Finally, we should find a way out on this. "How to make the kids take care of the studies by their own?" - is the MD question. If we can find an answer to this, we can avoid bad experience of being harsh to the much beloved kids for their faring well in thier studies. I know this is an ideal situation but do not really know how to get to it.

Cana

Yes, very interesting topic. I think even for adults we try to find a "smart" way to get the "best results".
From educational point of view on kids, I think the first step is to encourage them to put their effort, then gradually let them thinking a better way to do it.

http://www.parents-and-kids.com/blog/en/2008/05/practical-tips-for-motivating-kids/

Dan tdaxp

The wisest, but most intense for the parent, praise strategy is to praise for degree of improvement in task performance.
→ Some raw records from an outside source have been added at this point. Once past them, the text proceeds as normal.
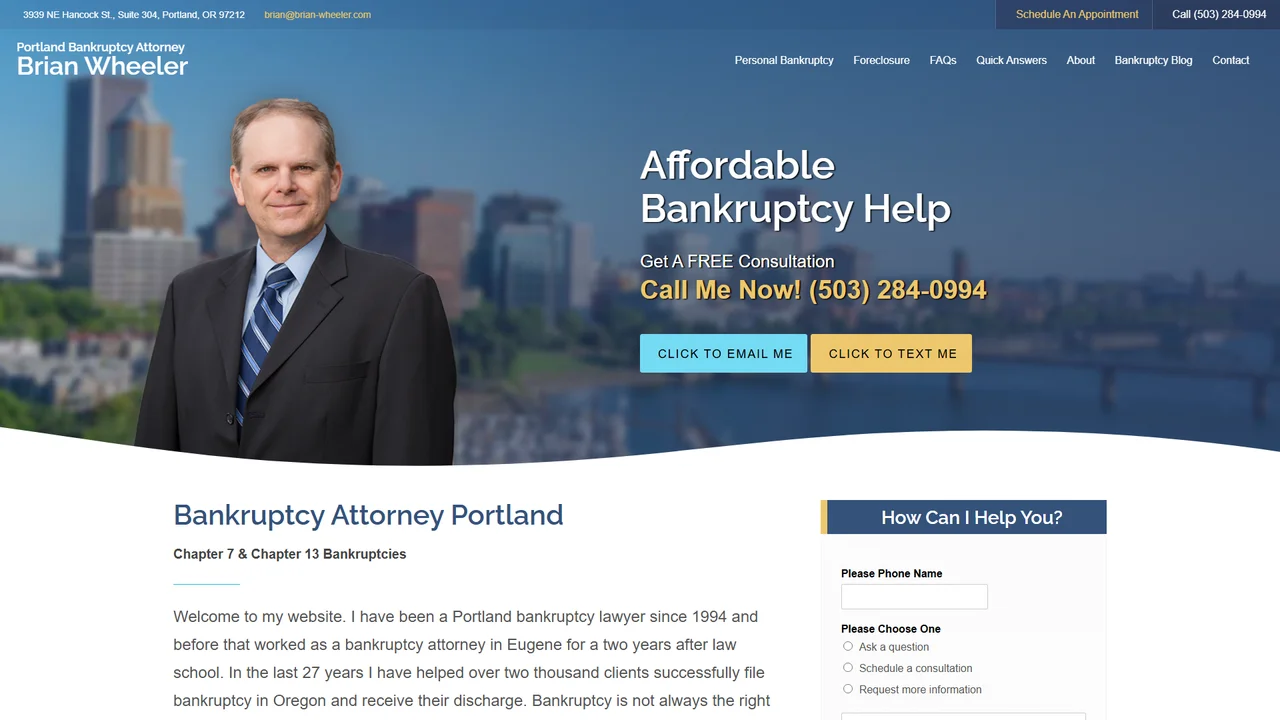 Brian Wheeler Attorney At Law - Portland, OR office in Portland, OR, Oregon
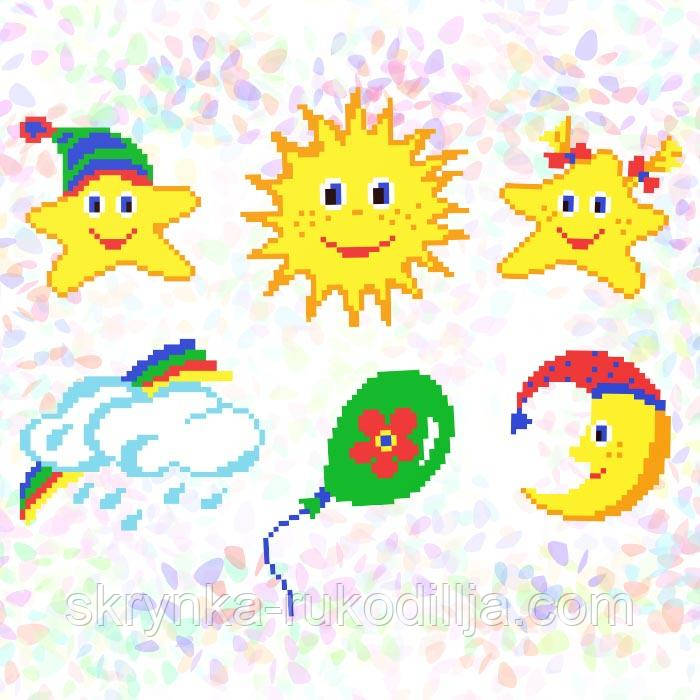 Водорозчинний флізелін К-206 Дитячі сни Confetti 20х30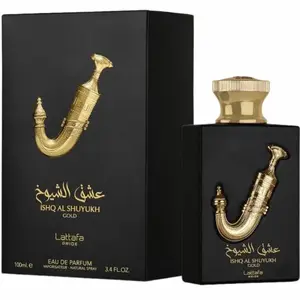 Lattafa Perfume Ishaq Al Shuyukh Gold Eau De Parfum, 3.4 fl oz, Unisex Fragrance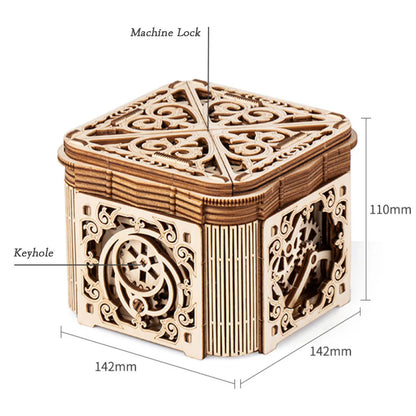 (Sold Out) Jewelry Box Wooden Mechanical 3D Puzzles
Degree of improvement is a function of both effort and results.

pawnking

What about praising kids for results? How well does that motivate them? Have any studies been done to analyze this? I can contruct an experiement: Take 100 kids and randomly divide them into 2 groups. They all take a test. Children from group 1 are praised for good results. Children from group 2 are not. They then take another similar test. Would group 1 outperform group 2? What if group 2 is praised not for their results, but for their effort? How would they then compare with group 1? What if group 2 is not even told of their results, but merely told they "tried hard" or "they did well." I'd be interested to see what kind of results would come from such tests.